Whereas the Supreme People’s Court (SPC) has not yet issued opinions or judicial interpretation on civil and commercial trials related to the coronavirus outbreak, it confirmed in 2003 that the legal rules governing ‘force majeure’ are applicable when litigants assert that they were prevented from performing relevant contracts as a result of the SARS pandemic or measures imposed by the government. The People’s High Courts in Shanghai and Zhejiang have recently confirmed that ‘force majeure’ could apply in similar terms with respect to the COVID-19 outbreak.

That said, the party invoking the defence still has to prove the actual effects of the ‘force majeure’ events. Case reports in or shortly after 2003 showed that many litigants failed to establish the defence, as the relevant government actions only partially affected their business activities and did not directly trigger the non-fulfillment. In addition, the party seeking to invoke ‘force majeure’ also needs to promptly notify the other party of its inability to perform the contract obligation and furnish evidence proving the occurrence and existence of force majeure.

The CCPIT is now offering ‘force majeure’ certificates to companies struggling to combat the impact of the COVID-19 outbreak on their business with overseas partners, and CCPIT’s certificates has generally been well accepted internationally in the past.

To what extent can the principles of fairness and changed circumstances under the PRC Contract Law assist adversely-affected businesses?

Take lease contracts as an example. They are still capable of being performed during the COVID-19 outbreak as long as the premises is in a usable condition. Compared with the outstanding lease term, the period during which the normal business is affected by the COVID-19 outbreak is relatively short.
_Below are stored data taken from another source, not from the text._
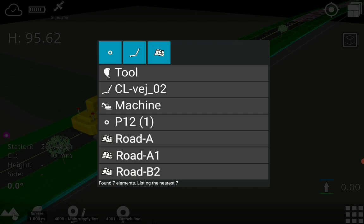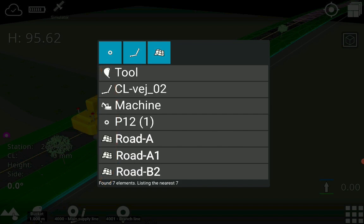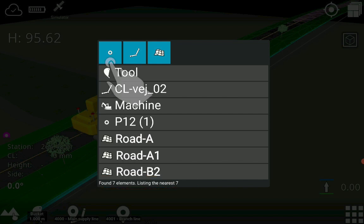These may include items such as the machine, tools, surfaces, points, and lines. Each element is identified by icons and names. The list will display up to 7 of the closest elements, sorted by proximity.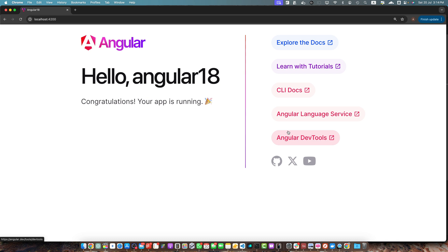Hello Angular developers. Today we are diving into looping in Angular with a special focus on the new for syntax introduced in Angular 17. We will also cover the traditional ngFor method which still works in newer versions. So let's get started.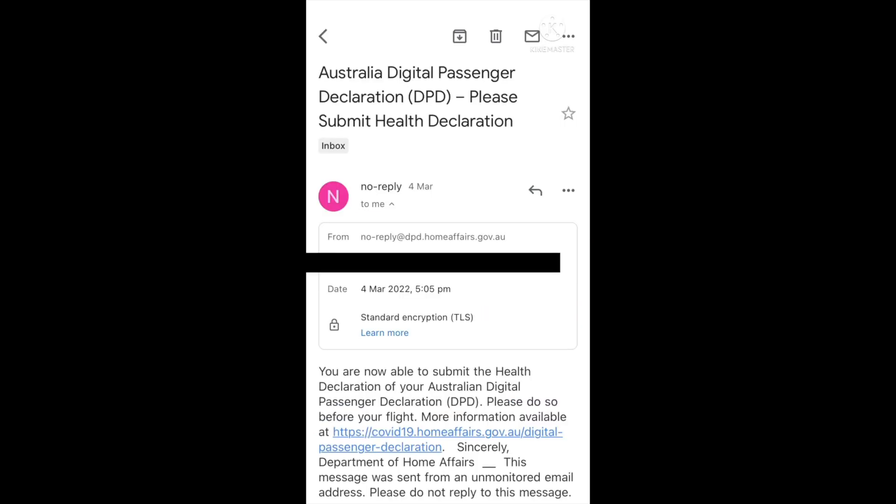Exactly 72 hours from your departure flight, you should receive an email like this, notifying you that you are now able to submit your health declaration. Note it says please do so before your flight. Okay, let's get straight into it.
Yet, judicial opinions of various local courts and case reports publicly available confirmed that, in most cases, tenants’ obligations to pay rent during the period of suspension due to the pandemic have been reduced or exempted.

Similarly, businesses faced with the increased raw material prices or labour costs due to the COVID-19 outbreak may be able to seek relief based on the principle of ‘fairness’ even though these adverse changes are not insurmountable, and thus do not amount to ‘force majeure’ events.

These cases can be categorised under the ‘changed circumstances’ principle, where a party’s continual performance based on the terms originally agreed becomes obviously unfair in light of materially adverse changes after the contract date. In such cases, the affected party can ask the courts to modify or rescind the contract.

The parties invoking ‘changed circumstance’ should consider notifying their contractual counterparties of difficulties arising from the outbreak so that the counterparties have a chance to mitigate their losses.